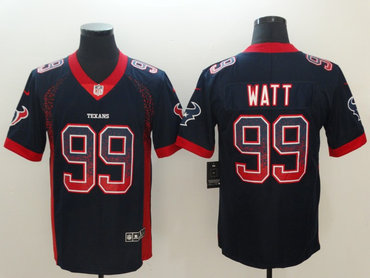 Personalized Texans 99 J.J. Watt Black Drift Fashion Limited Jersey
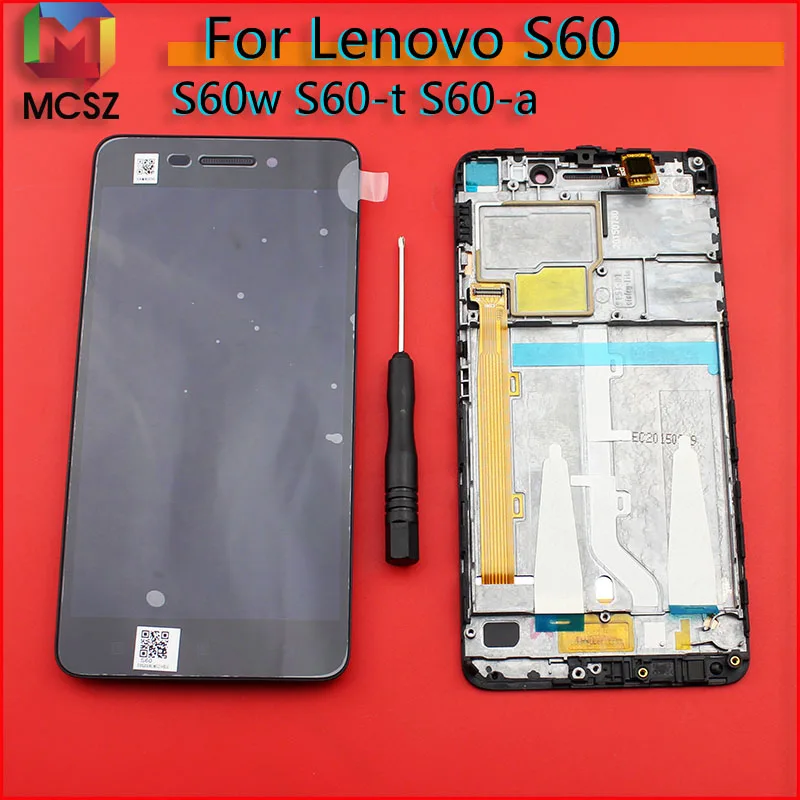 ЖК дисплей + Сенсорное стекло дигитайзер рамка в сборе для Lenovo s60 S60W S60T S60A S60 a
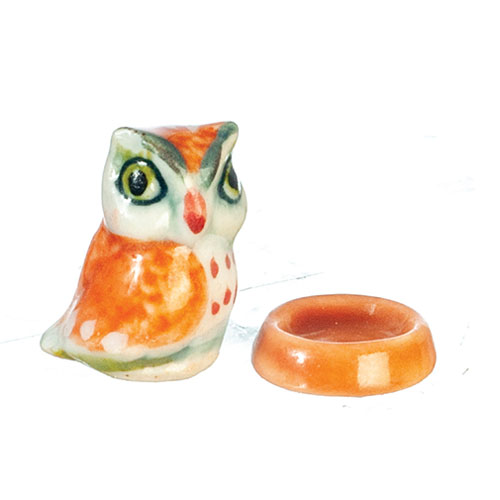AZG6861 - Owl W/Bowl/Ceramic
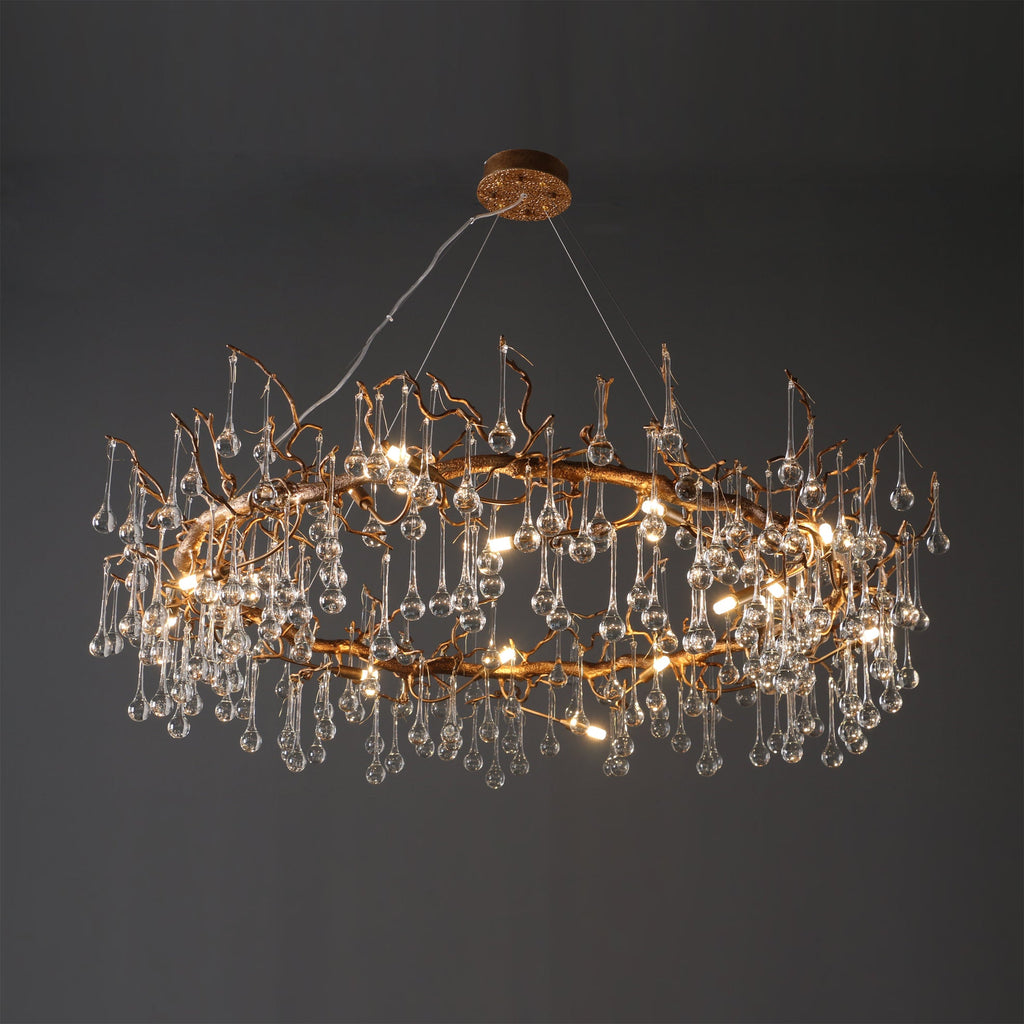 CHARLESTON CRYSTAL DROPLET CEILING LUMINAIRE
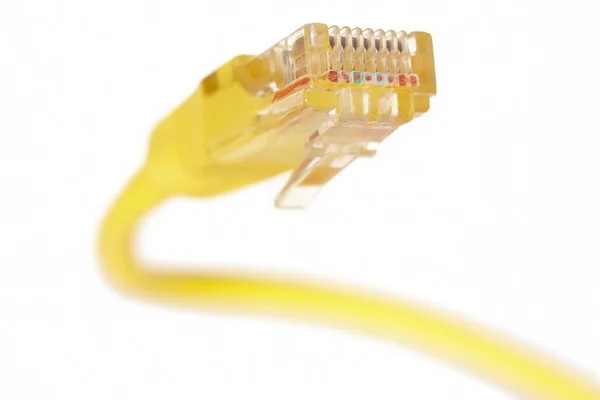 Ethernet kabel lan internet tråd dataanslutning. Digitalt kommun — Stockfoto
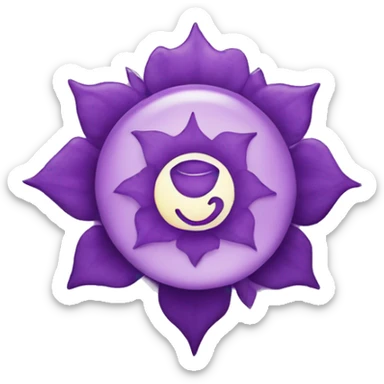 Violet crown chakra symbol  sticker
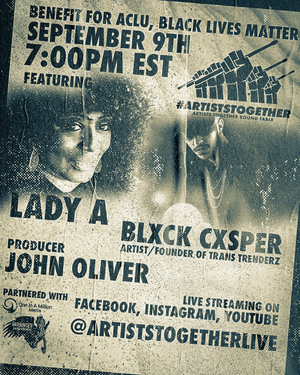 Lady A and Blxck Cxsper to Appear On Artists Together Round Table Live Stream 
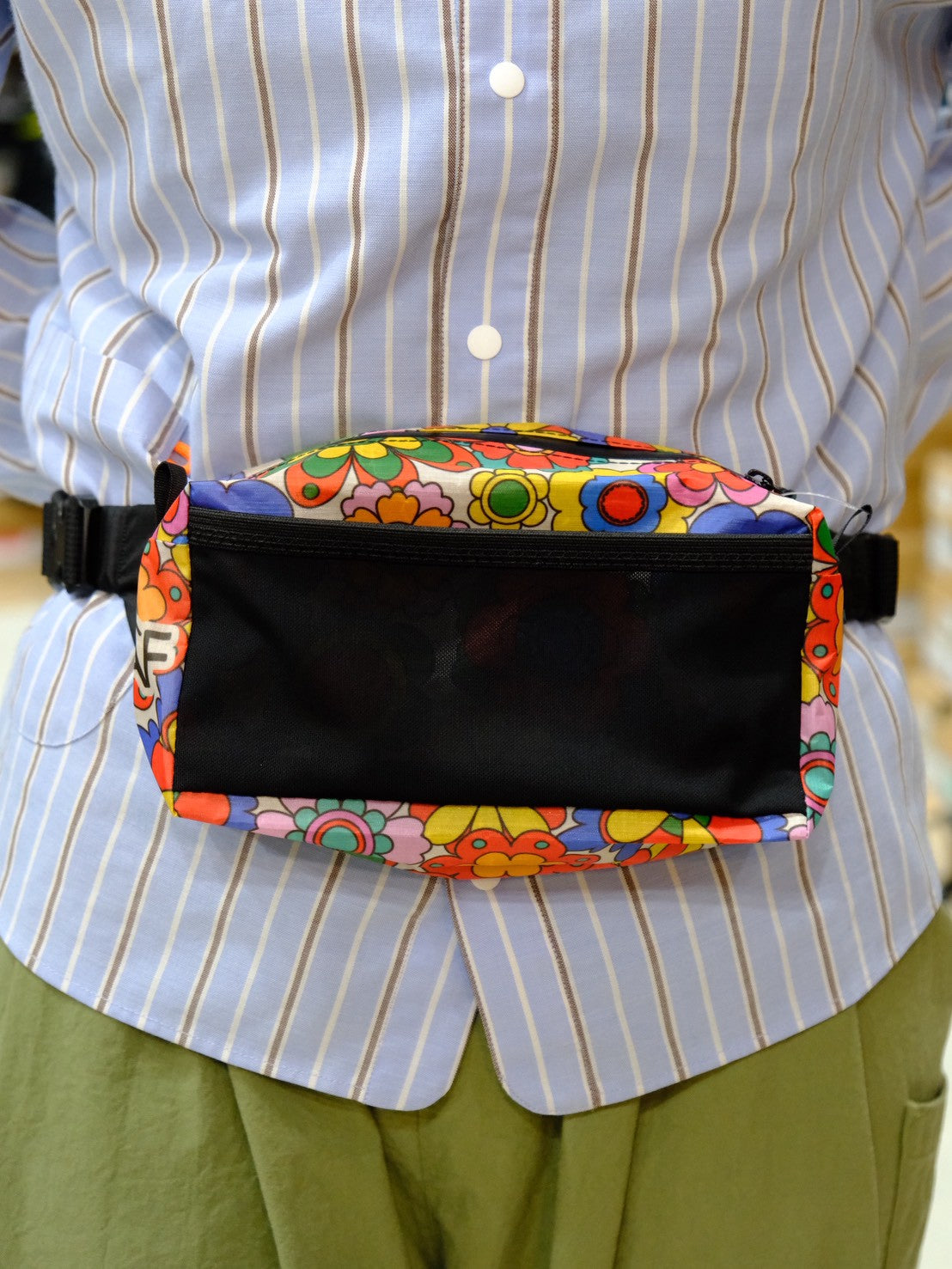PRINTED DYNEEMA FEATHER WEIGHT FANNYPACK(ウエストベルトにもなる完全防水ポーチ)【LiteAF】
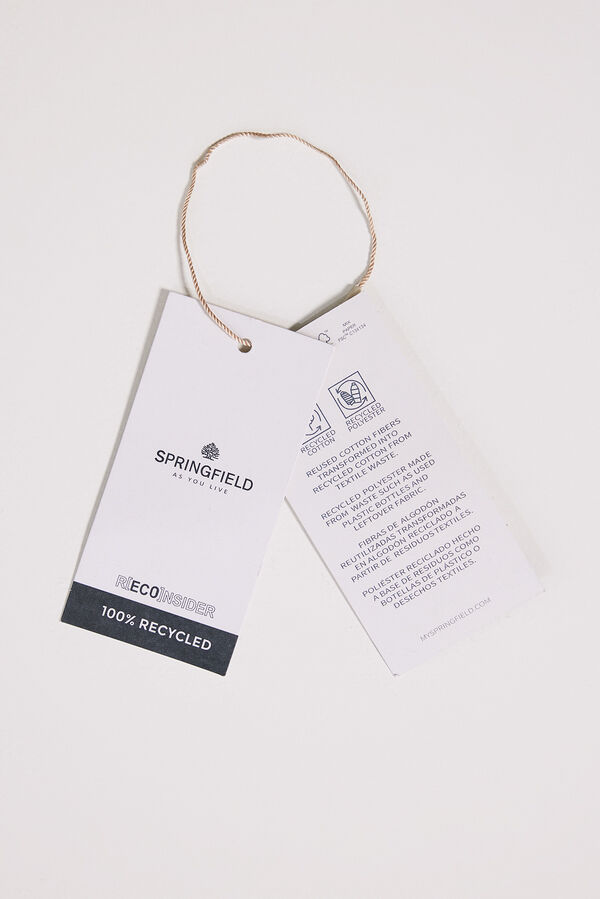 Springfield Jersey torzal cuello smoking gris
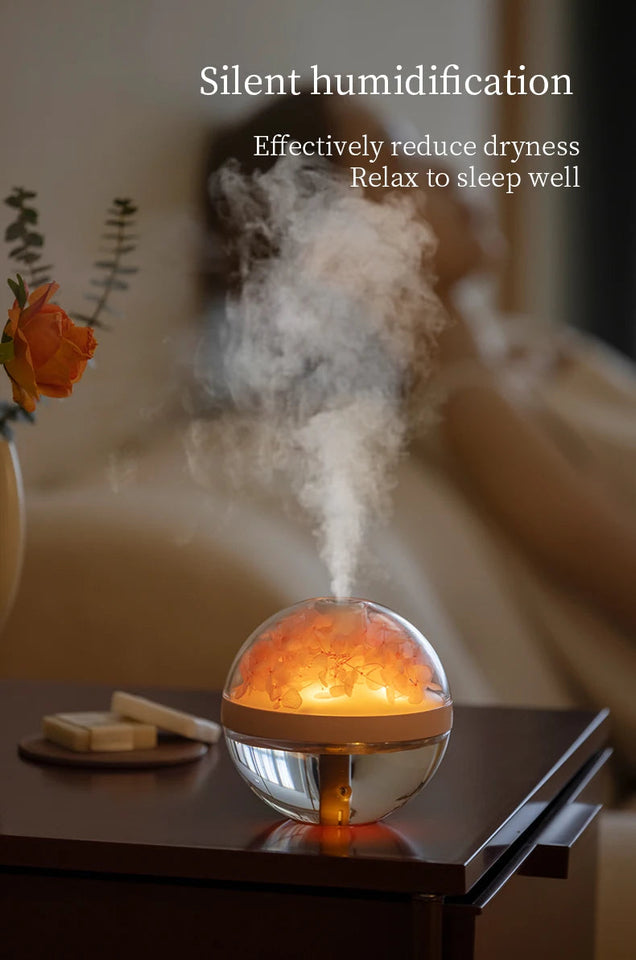 270ML Air Humidifier USB Rechargeable 800mAh Home Hydration Humidifier Colour LED Light Mist Maker Flower Humidificador Aimak Store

##############################

## EXERCISE DESCRIPTION
Reproduce the material word for word. Skip every picture it holds.

## RESPONSE BELOW
 Personalized Texans 99 J.J. Watt Black Drift Fashion Limited Jersey
 ЖК дисплей + Сенсорное стекло дигитайзер рамка в сборе для Lenovo s60 S60W S60T S60A S60 a
AZG6861 - Owl W/Bowl/Ceramic
 CHARLESTON CRYSTAL DROPLET CEILING LUMINAIRE
 Ethernet kabel lan internet tråd dataanslutning. Digitalt kommun — Stockfoto
 Violet crown chakra symbol  sticker
 Lady A and Blxck Cxsper to Appear On Artists Together Round Table Live Stream 
PRINTED DYNEEMA FEATHER WEIGHT FANNYPACK(ウエストベルトにもなる完全防水ポーチ)【LiteAF】
 Springfield Jersey torzal cuello smoking gris
 270ML Air Humidifier USB Rechargeable 800mAh Home Hydration Humidifier Colour LED Light Mist Maker Flower Humidificador Aimak Store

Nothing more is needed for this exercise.